I’m not exactly sure when I became an interrupter, but it happened far too soon. In my eagerness to be heard, I forgot how to listen. I’d apologize for being a “serial interrupter” and insist that it meant I was so involved in conversation, I couldn’t help jumping in. I genuinely viewed myself as a good listener and engaging conversationalist.
Truthfully, I spoke rapid-fire for fear that my turn would not come or my words would come too late to matter. Experience showed me that little girls, then teen girls, then women, were continually at a disadvantage. This felt especially true at church, where the division between power and authority became increasingly apparent from 12 on. So, I learned to be bolder, more confident, and more insistent, just to be heard.
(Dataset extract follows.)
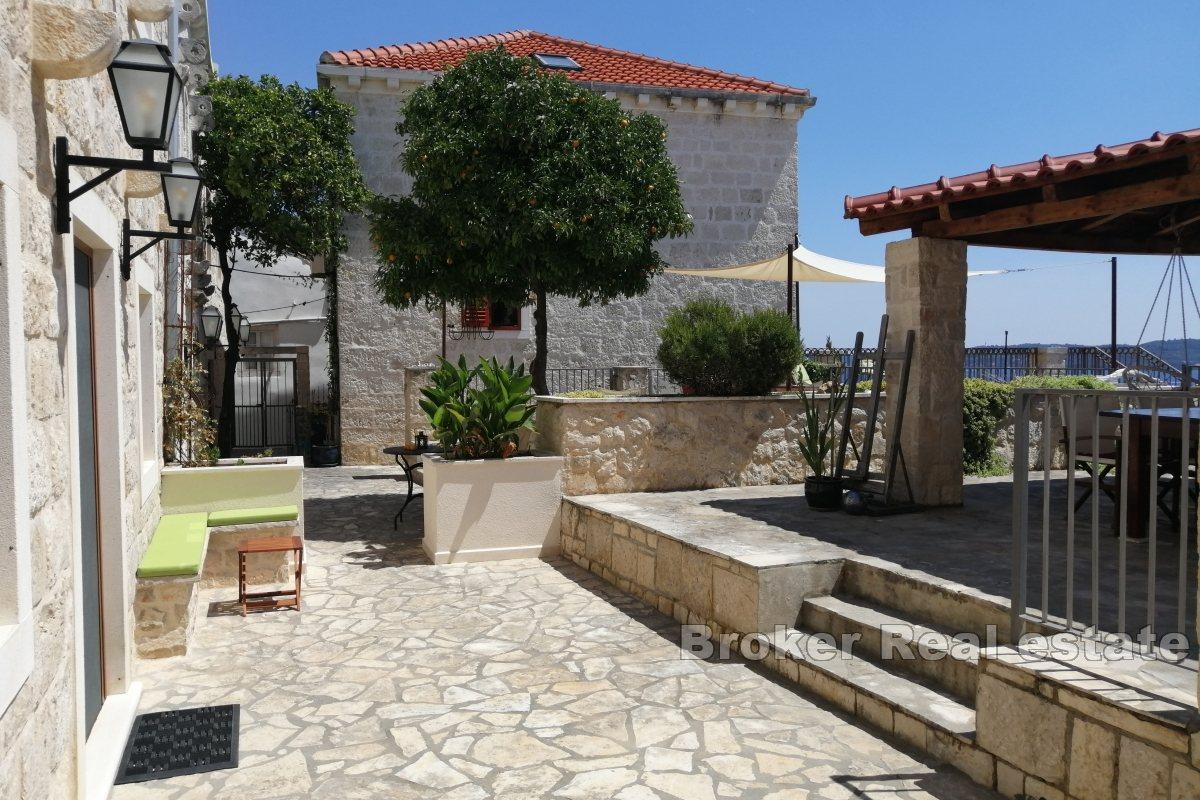 Maison mitoyenne en pierre avec vue mer à vendre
And maybe, just maybe, other women would speak up too.
Except in my eagerness to be heard, I actually silenced other women; women I cared deeply for and respected. Two friends pushed back on two separate occasions, labeling my behavior as self-centered, selfish, and attention-seeking. I was devastated because I knew they were partially right and their critiques spoke to my every insecurity. My desire to be heard, to say something meaningful, and to have a place in every conversation meant I hurt and silenced others. I’m grateful for their bravery in pushing back and calling out.
I apologized and dedicated myself to de-centering myself in conversation and learning to listen. I often did—and do—get it wrong. Throughout my life, I’ve struggled with this desire to be heard and to say something meaningful; something that could make a real, lasting impact. So, I’ve written for a newspaper, created a blog, joined the women’s march, become politically engaged, and written guest posts. I’ve also joined private communities to commune with people in anger, hurt, sadness, mourning, rejoicing, criticizing, mocking, encouraging, and laughing.
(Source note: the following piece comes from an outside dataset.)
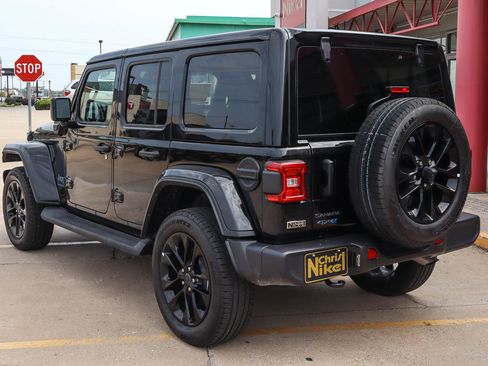 Used 2025 Jeep Wrangler Unlimited Sahara AWD/4WD image 15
These groups became essential in creating a sense of belonging when it felt as though I belonged nowhere. I discovered I was not alone in my thoughts and feelings. I built friendships amongst acceptance and trust. I also walked into quicksand of my own making and rapidly discovered my privilege, my biases, my prejudices, and the ways I continued to silence and harm others through my language, my actions, and my silence.
And so the balance between speaking and listening continues to challenge me. I selfishly admit that I desperately needed a place 10 years ago outside of Mormonism to speak without the filters I curated for Mormon Mindy. I’ve needed places to be angry and hurt; to be brash and unrefined; to mourn who and what I was. I needed a place to learn and make mistakes; to be challenged to once again move beyond me and my voice. And every space I’ve joined in grows tired of this process of finding your voice; of learning to listen anew; of becoming. Some have moved beyond it. Some are exhausted by it. Some are alienated by it. Some are not ready for it. Some believe there should be prerequisite learning before joining in at all. And they are all valid and right in these thoughts and feelings.
It’s abundantly clear that no one space can meet all these needs simultaneously for every member all of the time. It’s also essential that one space does not dominate or silence other people or spaces.
I’m still convinced that spaces are needed for people who are finding their voices. They need mentorship, kindness, community, and challenging and calling out and calling in. But what happens when the very existence and dynamic of this “finding your voice” space alienates and silences marginalized voices because it allows for this learning? What happens when some members only want to be heard and refuse to learn? What happens when some members outgrow this purpose and are ready for a different space that demands more of participants and requires far more listening than speaking?
I’m not certain of anything, except there isn’t one good answer or one perfect space. So, we’ll keep building, growing, joining, and supporting in different spaces in the hopes of finding community, healing, and places to discover our voices and to listen. This process will hurt, embarrass anger, create discomfort, and push us constantly. But we’ll challenge ourselves in this becoming; in continual change and growth again and again and again. And again.